Egypt Inflation Jumps to 13.5% on Food, Transport Costs
TLDR
- Egypt’s annual inflation rate increased to 13.5% in March due to higher food and transport costs, with the consumer price index reaching 284.4 points.
- Food and beverage prices rose by 5.2%, with vegetable prices up by 21.8%, while transport costs increased by 8.0% supported by higher private transport and service costs.
- Inflation spike attributed to subsidy reforms and cost pass-through in essential sectors, with fuel price hikes impacting transport and housing costs, signaling a shift towards more structural inflation drivers requiring cautious policy management.
Egypt’s annual inflation rate rose to 13.5% in March from 11.5% in February, driven by higher food and transport costs, according to CAPMAS.

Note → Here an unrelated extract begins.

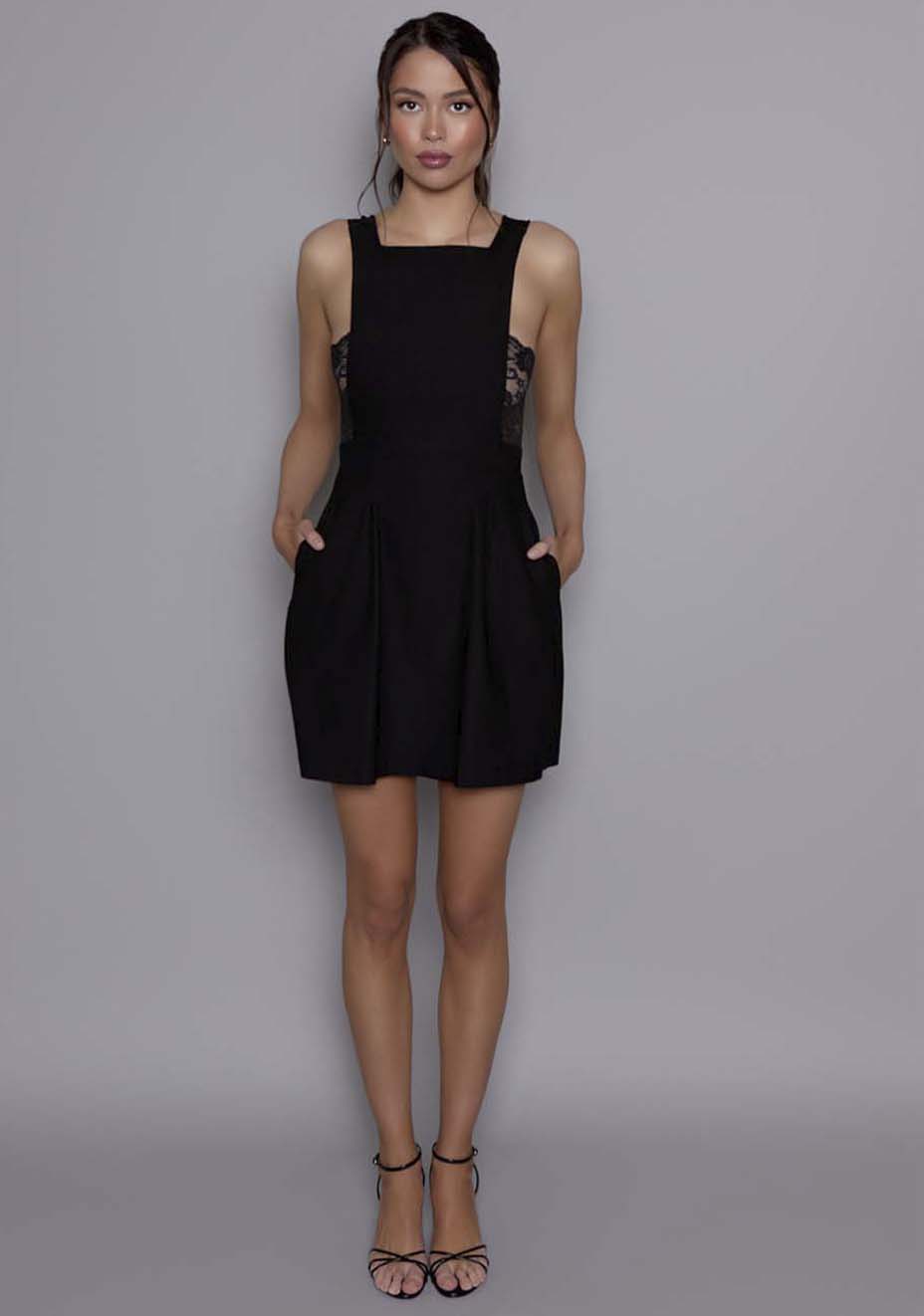 Model wearing the VSPR Noa Open Back Mini Dress in black with a squared neckline, wide straps, and a fitted bodice, standing against a gray studio backdrop.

Consumer prices increased 3.3% month-on-month, with the consumer price index reaching 284.4 points. The rise reflects broad-based price increases across key sectors.
Food and beverage prices climbed 5.2% during the month, led by a 21.8% increase in vegetable prices. Meat and poultry rose 5.9%, while fruit prices increased 2.0%.

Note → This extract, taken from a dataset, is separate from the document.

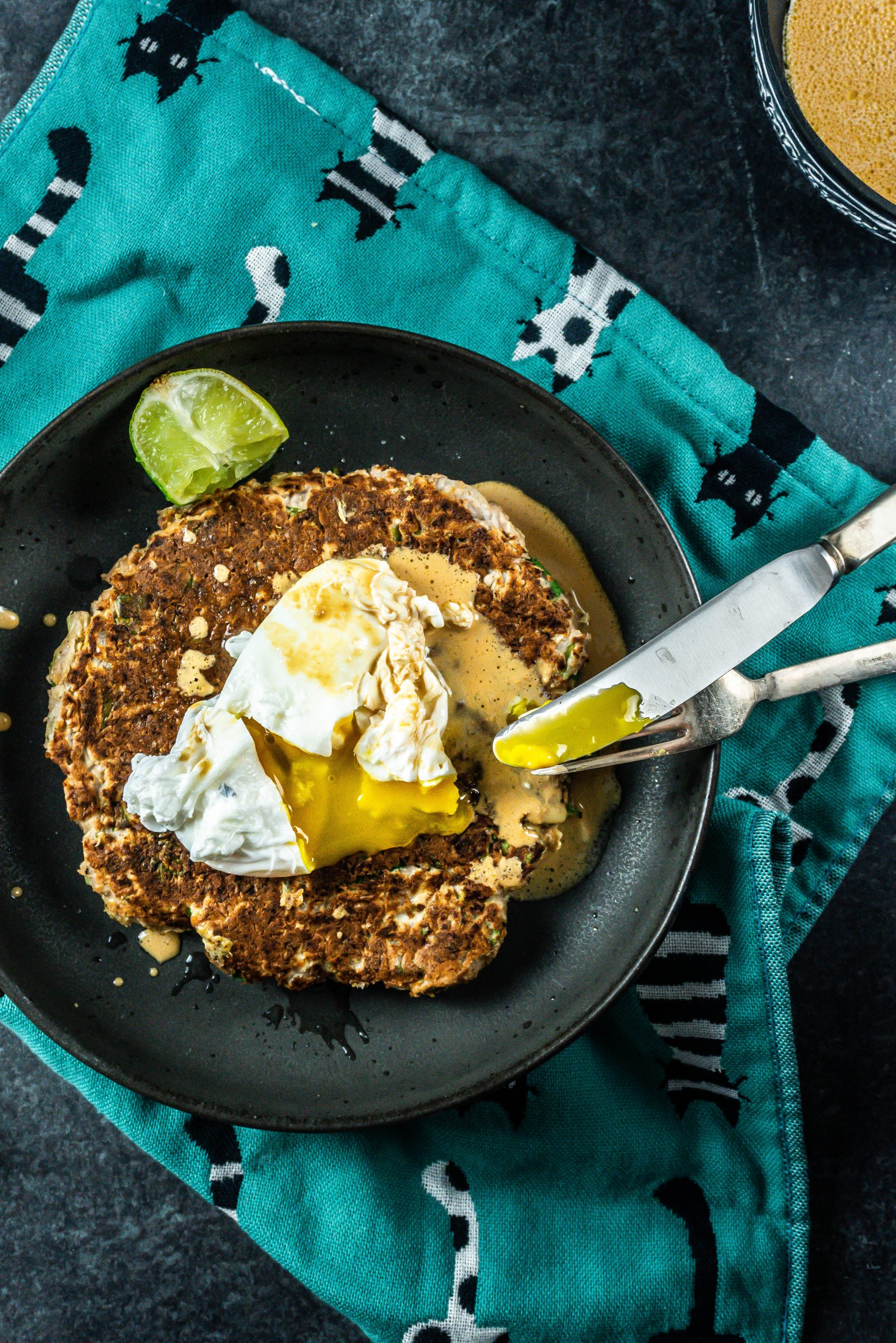 A knife and fork tugging to the cabbage pancake with poached eggs and peanut butter sauce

Transport costs rose 8.0%, supported by higher private transport and service costs. Housing, water, electricity, gas, and fuel prices increased 3.6%, following a fuel price adjustment of up to 17%.
Other categories also recorded gains, including restaurants and hotels at 2.1% and clothing at 1.7%. Healthcare prices declined 0.6%, partially offsetting the overall increase.
Key Takeaways
Egypt’s inflation spike reflects the impact of subsidy reforms and cost pass-through in essential sectors. Fuel price increases are feeding into transport and housing costs, which in turn affect broader price levels across the economy. While food inflation remains moderate on an annual basis at 6.2%, sharp increases in specific items such as vegetables highlight volatility in supply and pricing. The rise in transport and utilities inflation, at 29.3% and 28.3% respectively year-on-year, shows that core cost pressures are concentrated in services tied to energy and infrastructure. This suggests inflation is becoming more structural rather than purely driven by temporary factors. For policymakers, managing inflation will require balancing subsidy reforms with social stability, as higher costs directly impact households. For investors, rising inflation could lead to tighter monetary policy or delayed rate cuts, affecting borrowing costs and economic growth. The data also underscores how energy pricing reforms continue to shape inflation dynamics in large emerging markets like Egypt.